- _Given records_:

══════════

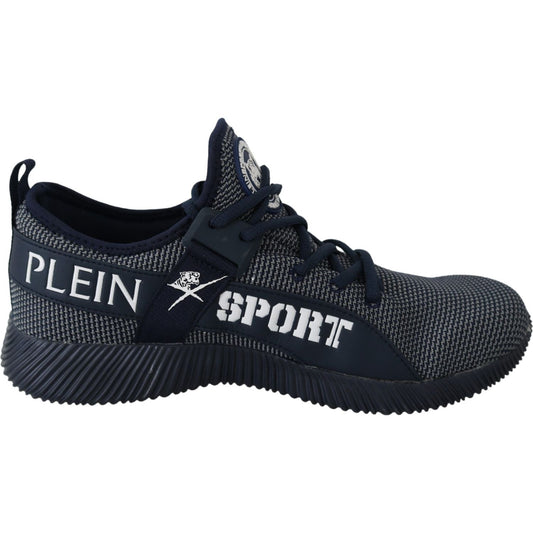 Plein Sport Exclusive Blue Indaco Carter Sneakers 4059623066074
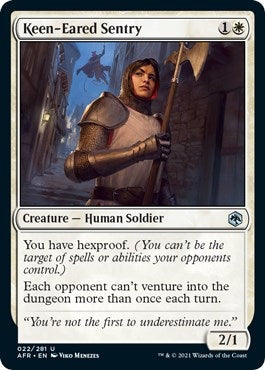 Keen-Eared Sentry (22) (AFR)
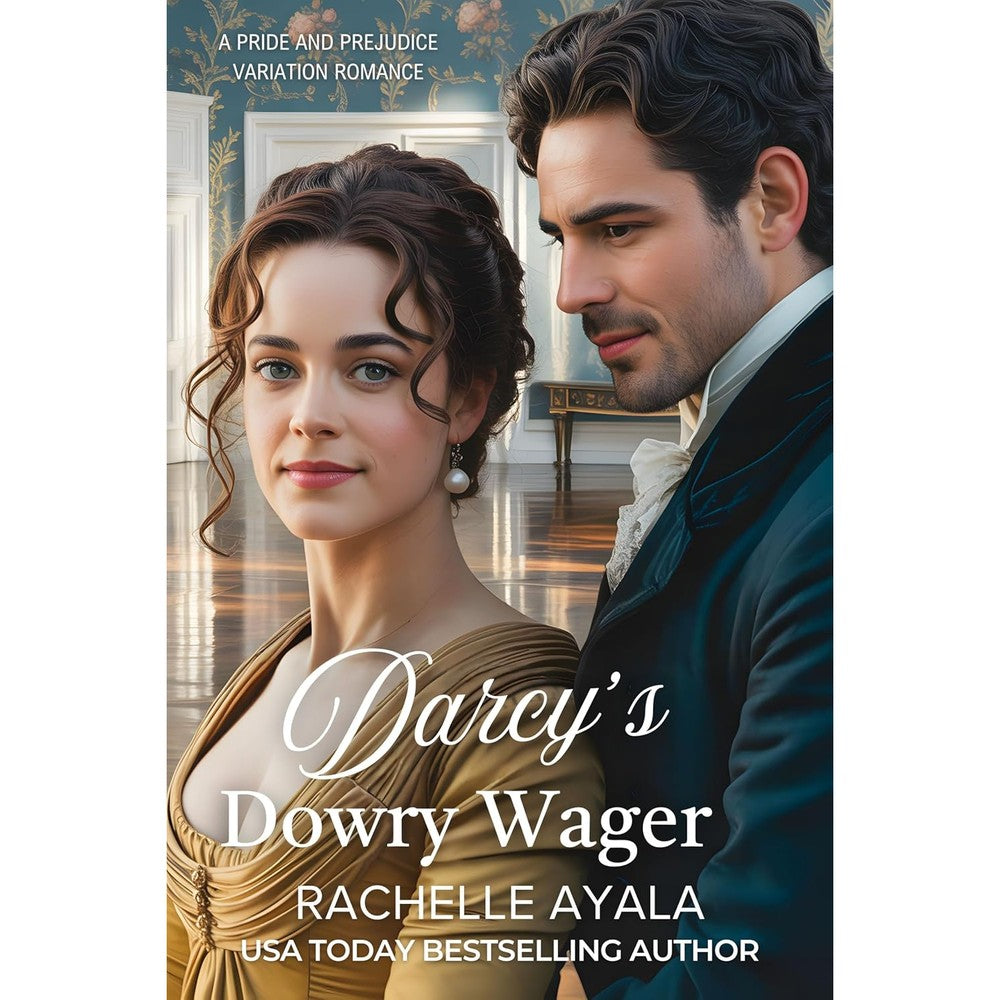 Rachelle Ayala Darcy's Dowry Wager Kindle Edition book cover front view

══════════

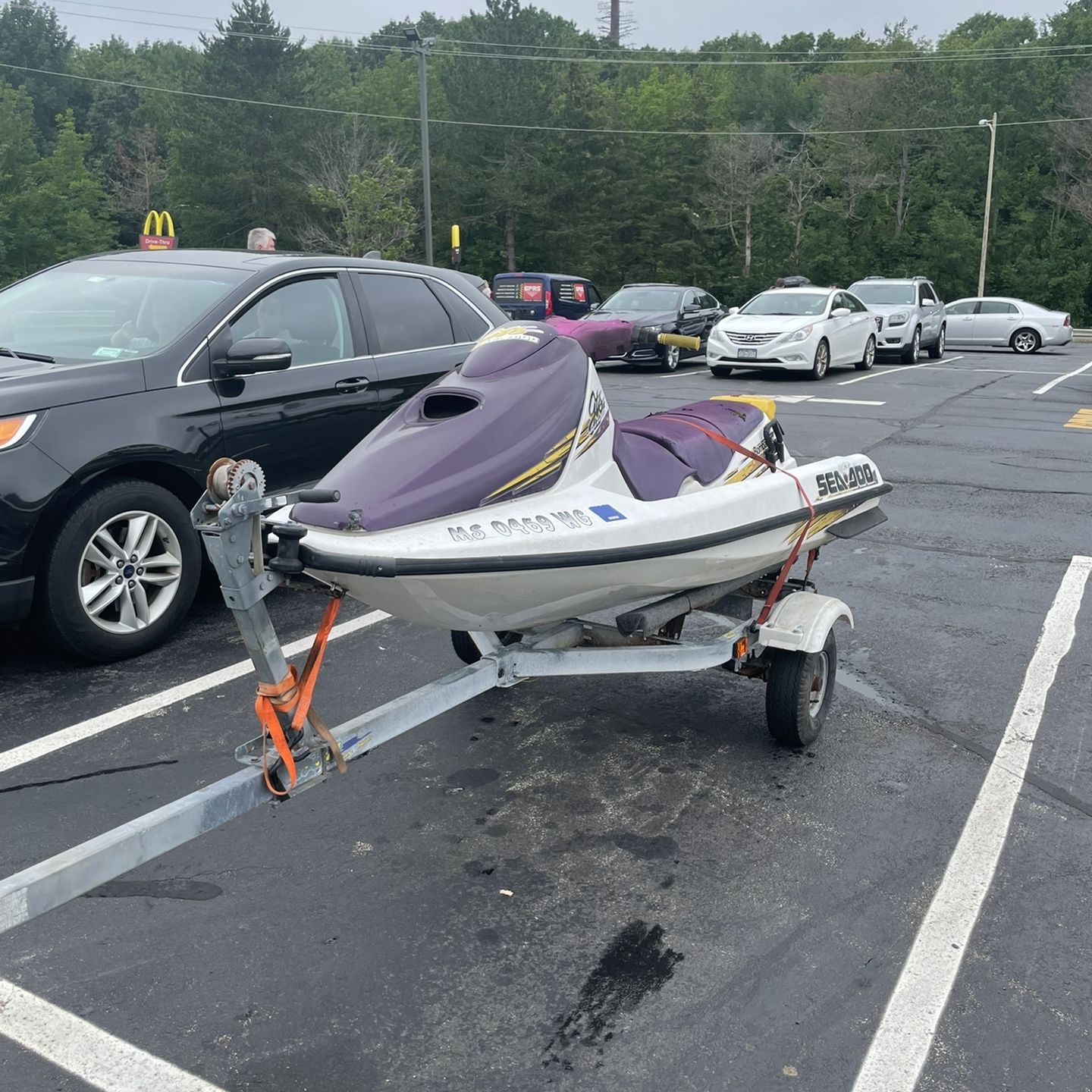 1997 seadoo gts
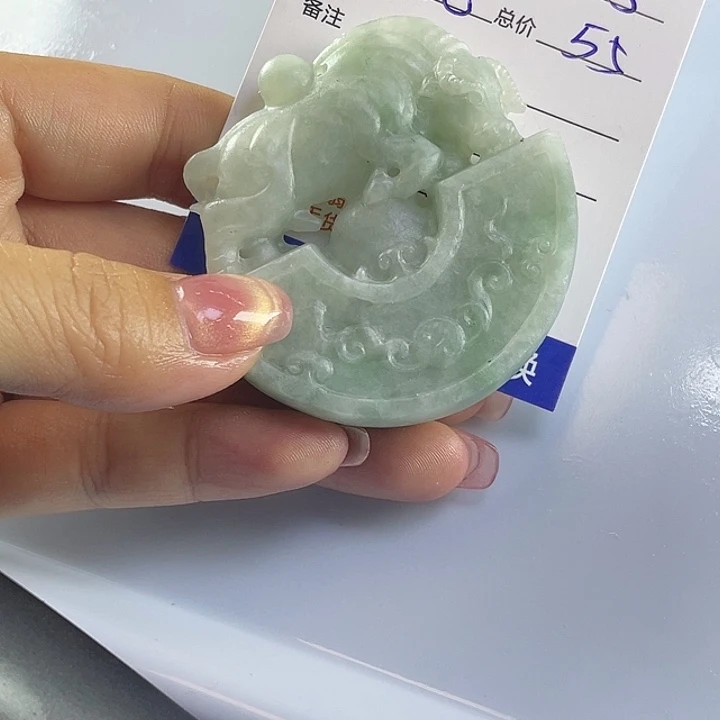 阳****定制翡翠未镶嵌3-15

══════════

- _Your objective_:
Would you please reproduce the entries above, starting at the line with "Plein Sport Exclusive" and stopping after the line with "Rachelle Ayala Darcy's"? Omit any pictures.

- _Exercise answer_:
 Plein Sport Exclusive Blue Indaco Carter Sneakers 4059623066074
 Keen-Eared Sentry (22) (AFR)
 Rachelle Ayala Darcy's Dowry Wager Kindle Edition book cover front view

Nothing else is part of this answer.